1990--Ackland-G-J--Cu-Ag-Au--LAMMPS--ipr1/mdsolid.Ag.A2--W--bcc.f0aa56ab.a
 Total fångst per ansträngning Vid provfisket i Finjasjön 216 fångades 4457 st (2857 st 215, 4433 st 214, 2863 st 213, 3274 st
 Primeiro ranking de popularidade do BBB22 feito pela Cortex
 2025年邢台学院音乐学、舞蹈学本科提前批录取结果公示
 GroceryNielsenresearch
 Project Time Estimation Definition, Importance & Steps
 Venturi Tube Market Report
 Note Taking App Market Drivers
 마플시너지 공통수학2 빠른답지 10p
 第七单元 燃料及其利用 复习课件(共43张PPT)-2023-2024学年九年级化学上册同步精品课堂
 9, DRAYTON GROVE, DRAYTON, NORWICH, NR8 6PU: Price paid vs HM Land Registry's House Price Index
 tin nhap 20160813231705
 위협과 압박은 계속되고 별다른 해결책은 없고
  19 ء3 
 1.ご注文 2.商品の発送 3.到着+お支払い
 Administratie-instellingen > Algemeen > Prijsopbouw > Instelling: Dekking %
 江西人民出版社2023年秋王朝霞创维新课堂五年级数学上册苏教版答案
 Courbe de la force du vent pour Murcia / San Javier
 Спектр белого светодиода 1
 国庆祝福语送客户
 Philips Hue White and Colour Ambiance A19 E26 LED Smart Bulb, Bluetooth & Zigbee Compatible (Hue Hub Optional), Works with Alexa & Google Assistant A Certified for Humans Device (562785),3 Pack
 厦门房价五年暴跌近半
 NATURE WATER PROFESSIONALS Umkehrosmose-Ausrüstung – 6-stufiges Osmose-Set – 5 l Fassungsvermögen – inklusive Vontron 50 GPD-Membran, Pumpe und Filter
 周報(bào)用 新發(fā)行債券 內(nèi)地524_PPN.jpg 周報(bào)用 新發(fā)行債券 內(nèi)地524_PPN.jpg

◆ Prompt ◆
The required output is the line holding "NATURE WATER PROFESSIONALS" plus every line after it in the data, reproduced exactly.

◆ Answer below ◆
 NATURE WATER PROFESSIONALS Umkehrosmose-Ausrüstung – 6-stufiges Osmose-Set – 5 l Fassungsvermögen – inklusive Vontron 50 GPD-Membran, Pumpe und Filter
 周報(bào)用 新發(fā)行債券 內(nèi)地524_PPN.jpg 周報(bào)用 新發(fā)行債券 內(nèi)地524_PPN.jpg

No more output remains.